I have a series of terms in a sequence and need to identify the rule that produces it. I know it is based on a damped harmonic oscillator but I am not sure which formula governs the interval. Here is the string, it is the interval rates in seconds: (108, 88, 92, 76, 80, 68, 64, 56, 40, 32, 8, 8) the closest I have come is: D_n = Asin(Bn + C)exp(-Dn) + E
A = Amplitude of the wave (could be around 28, as you noted that the sequence never went more than 28 in any direction) B = Frequency of the wave (which affects how “quickly” the wave oscillates - this could be tweaked to match the observed pattern) C = Phase shift of the wave (could potentially be 0 if the wave starts at its peak) D = Damping coefficient (this affects how quickly the oscillations decay - would need to be chosen to match the decay observed in the sequence) E = Equilibrium position (which would be 8, as the sequence oscillates around 8)

댓글 수: 7

That proposed function leads to poor results, at least if exp(-Dn) is understood as exp(-D*n)
You don't have sufficient information to estimate (with any degree of confidence) those 5 parameters from that little data.

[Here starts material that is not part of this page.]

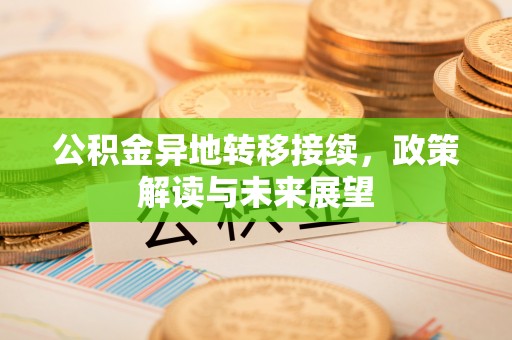 荣昌公积金异地转移接续，政策解读与未来展望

You have only 12 data points, representing only a small fraction of one period of any oscillatory sequence.
Walter Roberson
Walter Roberson 2023년 7월 9일
편집: Walter Roberson 2023년 7월 9일
Your n is acting as the independent variable, with integer values. Now suppose you had a B0 for the sin(B*n+C) term. Let B=B0+k*2*pi for integer k. n*(B0+k*2*pi) = n*B0 + n*k*2*pi but n and k are integer and sin is periodic so that is the same as sin(n*B0+C). Therefore you should constrain B and C to one period of sin()

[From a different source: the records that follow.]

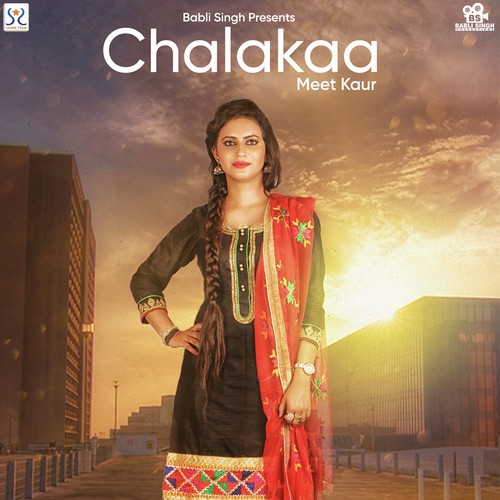 download Meet Kaur  Chalakaa mp3 Single Tracks song 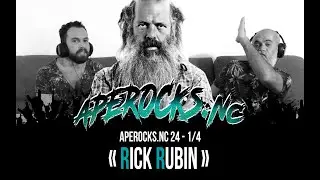 APEROCKS.NC #24 - 1/4 « Rick Rubin »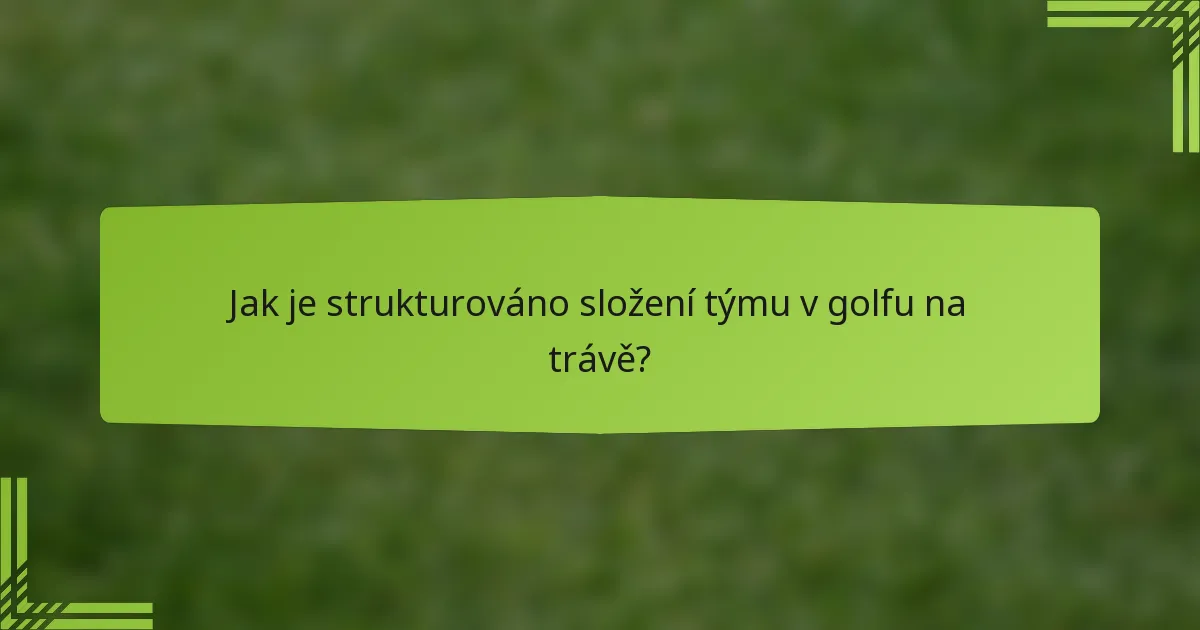 Jak je strukturováno složení týmu v golfu na trávě?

Just to add a little more detail to the excellent comments by @Walter Roberson and @John D'Errico, here is what happens when you do try to fit that function to your data:
% Your data
n = (1:12)'; % (I assume that this is implied.)
D_n = [108, 88, 92, 76, 80, 68, 64, 56, 40, 32, 8, 8]';
% Tabulate the data
tbl = table(n,D_n);
% Define function that will be used to fit data
% (F is a vector of fitting parameters)
f = @(F,n) F(1).*sin(F(2).*n + F(3)).*exp(F(4).*n) + F(5);
% Initial parameter guesses
beta0 = [1 1 0 1 0];
% Fit the model
mdl = fitnlm(tbl,f,beta0)
Warning: The Jacobian at the solution is ill-conditioned, and some model parameters may not be estimated well (they are not identifiable). Use caution in making predictions.
mdl =
Nonlinear regression model: D_n ~ F1*sin(F2*n + F3)*exp(F4*n) + F5 Estimated Coefficients: Estimate SE tStat pValue ___________ ______ ___________ ________ F1 45.576 15.483 2.9437 0.018604 F2 -2.3136e-05 462.16 -5.0061e-08 1 F3 11.102 75.416 0.14721 0.88661 F4 0.098244 48.651 0.0020194 0.99844 F5 150.85 387.71 0.38907 0.70737 Number of observations: 12, Error degrees of freedom: 8 Root Mean Squared Error: 6.43 R-Squared: 0.971, Adjusted R-Squared 0.96 F-statistic vs. constant model: 89.8, p-value = 1.68e-06
% Calculate the model values at the empirical x
D_n_predicted = predict(mdl,n);
% Plot the data and fit
figure
plot(n,D_n,'*',n,D_n_predicted,'g');
legend('data','fit')
There is lots going wrong here. Two big issues are
  • The warning that some model parameters are not estimated well
  • The errors ("SE" in the model output table) on the parameter estimates are huge compared to the estimates themselves, and the implications of that for their statistical significance
These both point to this being a terrible model (which John, Walter and I would simply know intuitively from experience), but is also borne out by the model fit.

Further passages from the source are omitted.